The logic was that if Thinking Machines had demonstrated progress (the launch of Tinker and presumably work toward larger AI models), it might join the ranks of elite AI labs commanding tens of billions in value. For instance, OpenAI itself was rumored to be raising at valuations north of $80–90B around that time, and Anthropic had secured funding from Amazon at a ~$20B valuation. In that hype-charged climate, a $50B price tag for Murati’s startup – which boasted many ex-OpenAI stars – seemed aggressive but not impossible. Investors were evidently wagering that Thinking Machines Lab could be “the next OpenAI”, if not acquired by a Big Tech suitor first. (Notably, there were even rumors that Meta had held talks about acquiring Thinking Machines Lab outright to bolster its AI efforts, though no offer materialized[24].)
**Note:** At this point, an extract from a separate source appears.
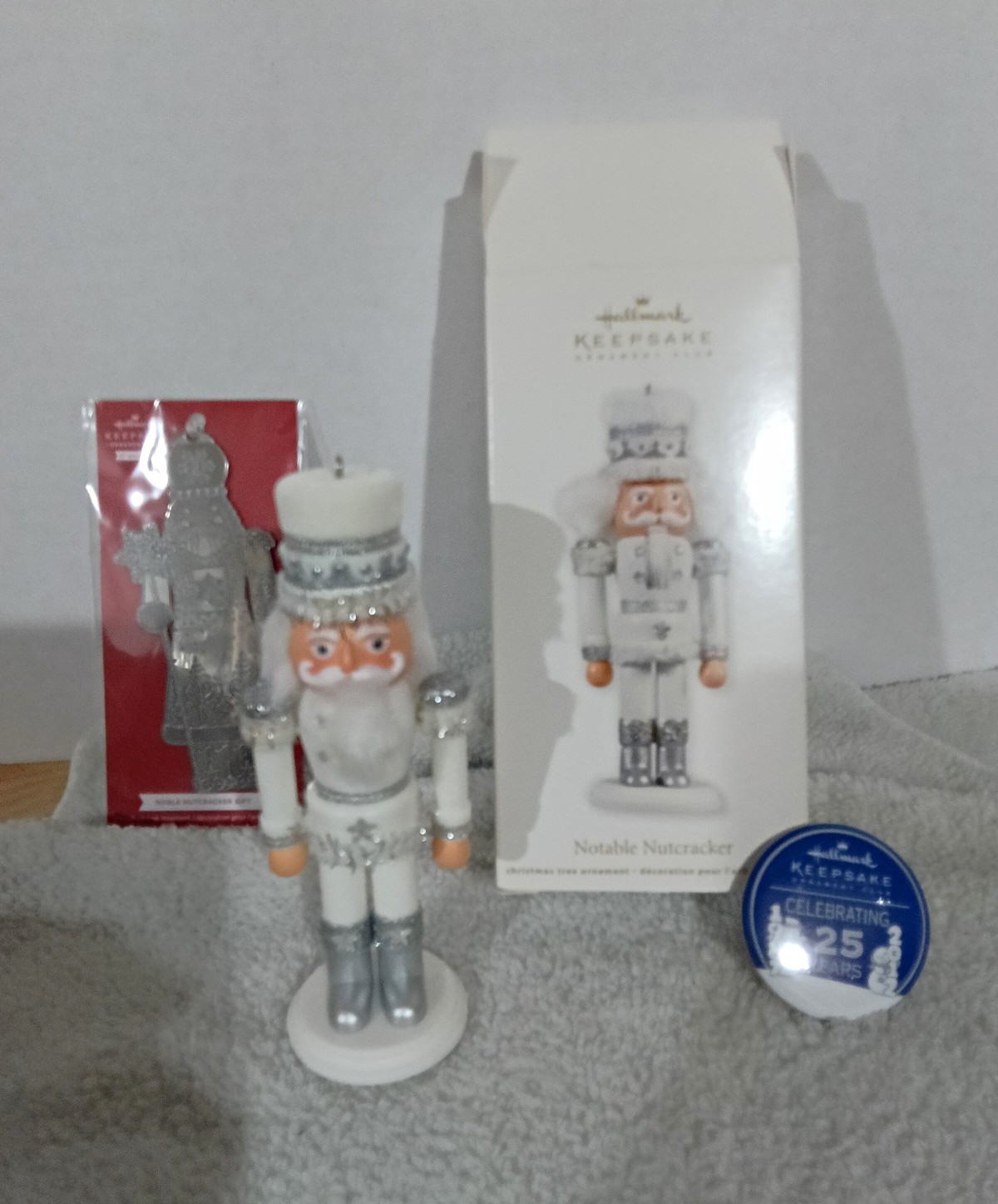 2012 Hallmark Keepsake Ornament Club KOC Exclusive Notable Nutcracker W/Extras 2012 Hallmark Keepsake Ornament Club KOC Exclusive Notable Nutcracker W/Extras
Stalled Round: Crucially, by the end of 2025, no such $50B round had closed. The Bloomberg report emphasized the talks were early and terms could change[43]. Indeed, in the ensuing weeks, questions arose that gave investors pause. Behind the scenes, Thinking Machines Lab was struggling to articulate a clear path to revenue or a defined product strategy beyond the Tinker tool[44]. By January 2026, outlets like The Information and Benzinga reported that the hoped-for mega-round had stalled amid these uncertainties[45][46]. In essence, the company’s valuation ambitions (up to $50–60B) were not matched by concrete business progress, raising the risk that the initial $12B valuation might have been too high. This funding snag would soon be overshadowed by an even bigger crisis: the implosion of the team itself.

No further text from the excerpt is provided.